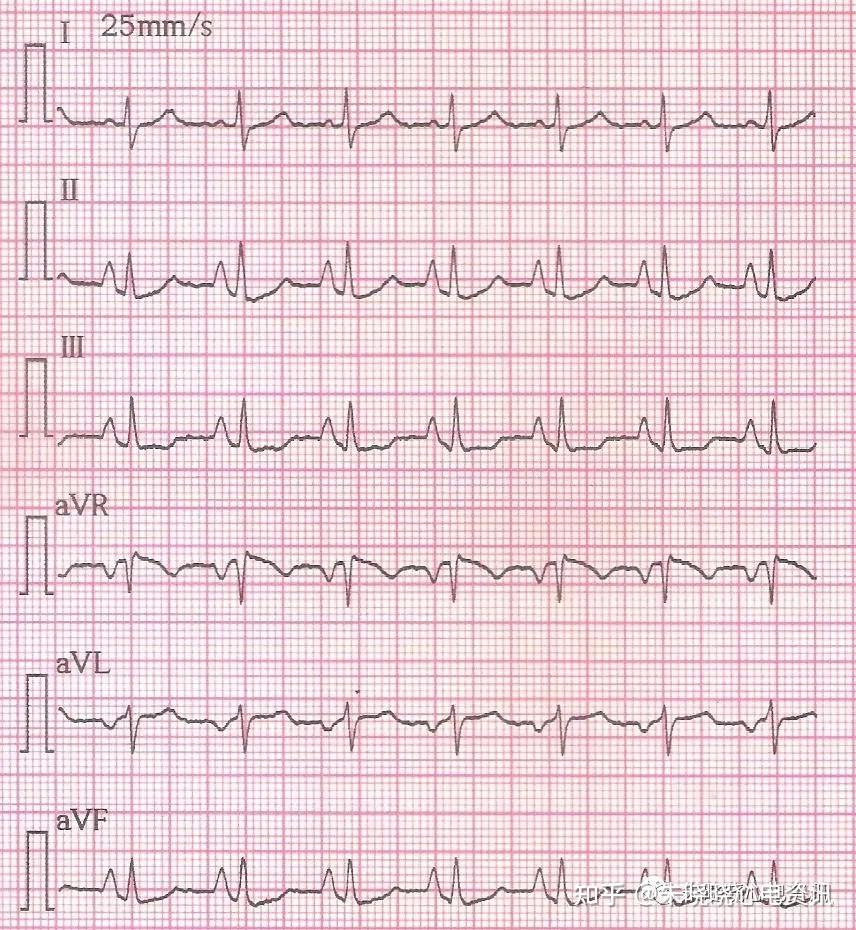 慢性肺心病心电图图片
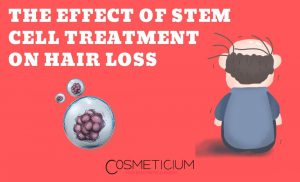 Hair Loss and Stem Cell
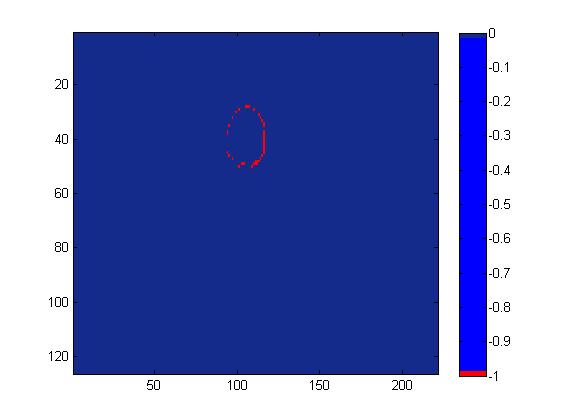 (a) Reference plan (b) The MLC bank shifted -1.5mm (c) The volume difference between reference plan and the MLC bank shifted -1.5 mm Figure 22. Figures (a), (b) and (c) shows the volume in cm 3.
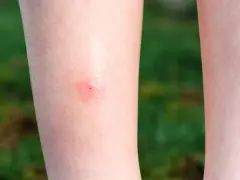 Czerwona, swędząca plamka na skórze nogi, będąca efektem ugryzienia meszki.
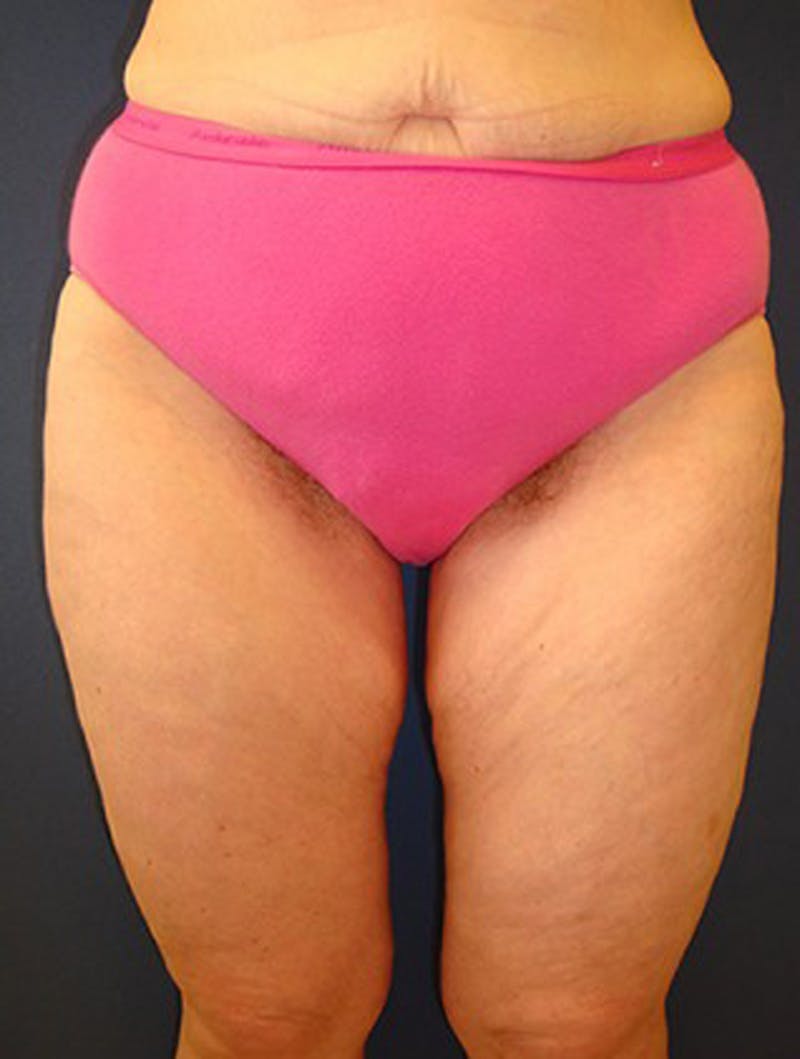 Thigh Lift Before & After Gallery - Patient 174163254 - Image 1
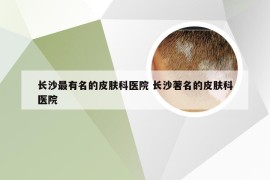 长沙最有名的皮肤科医院 长沙著名的皮肤科医院
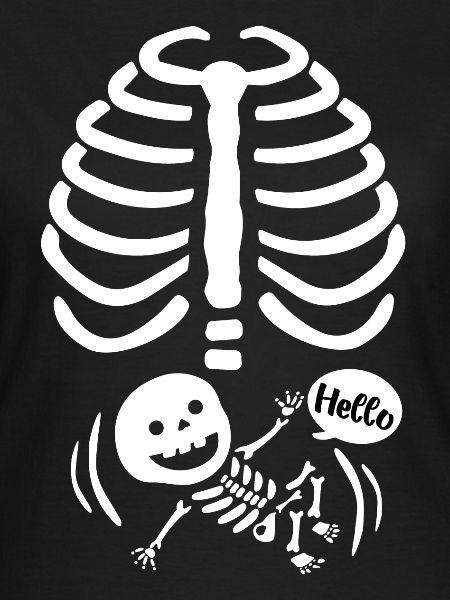 Radiographie de bébé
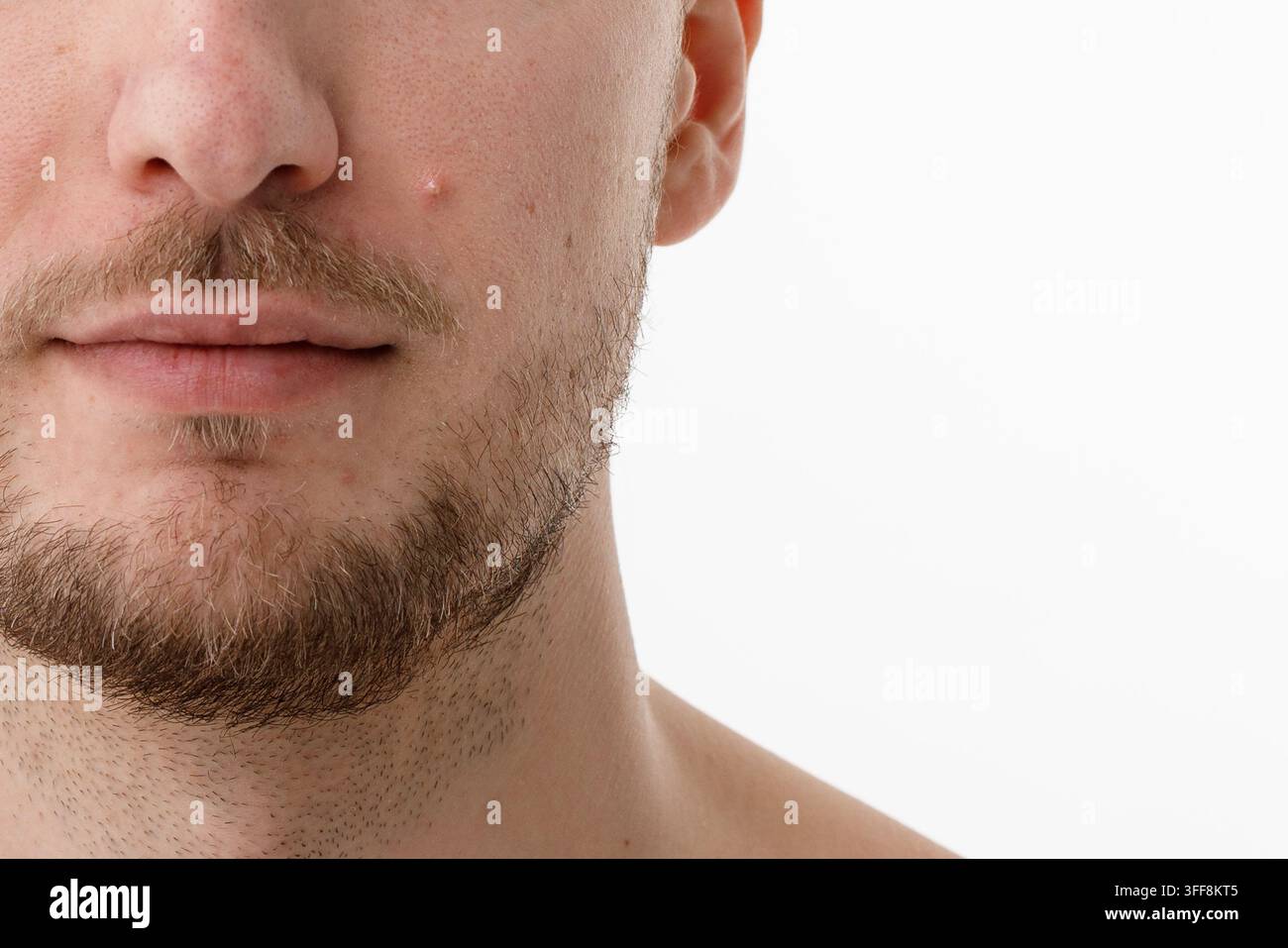 Primo piano della pelle umana con acne e imperfezioni Foto Stock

----------------------------------------

▸ Description of the task:
Set every record down exactly, omitting pictures.

▸ Answer for this exercise:
 慢性肺心病心电图图片
 Hair Loss and Stem Cell
 (a) Reference plan (b) The MLC bank shifted -1.5mm (c) The volume difference between reference plan and the MLC bank shifted -1.5 mm Figure 22. Figures (a), (b) and (c) shows the volume in cm 3.
 Czerwona, swędząca plamka na skórze nogi, będąca efektem ugryzienia meszki.
 Thigh Lift Before & After Gallery - Patient 174163254 - Image 1
 长沙最有名的皮肤科医院 长沙著名的皮肤科医院
 Radiographie de bébé
 Primo piano della pelle umana con acne e imperfezioni Foto Stock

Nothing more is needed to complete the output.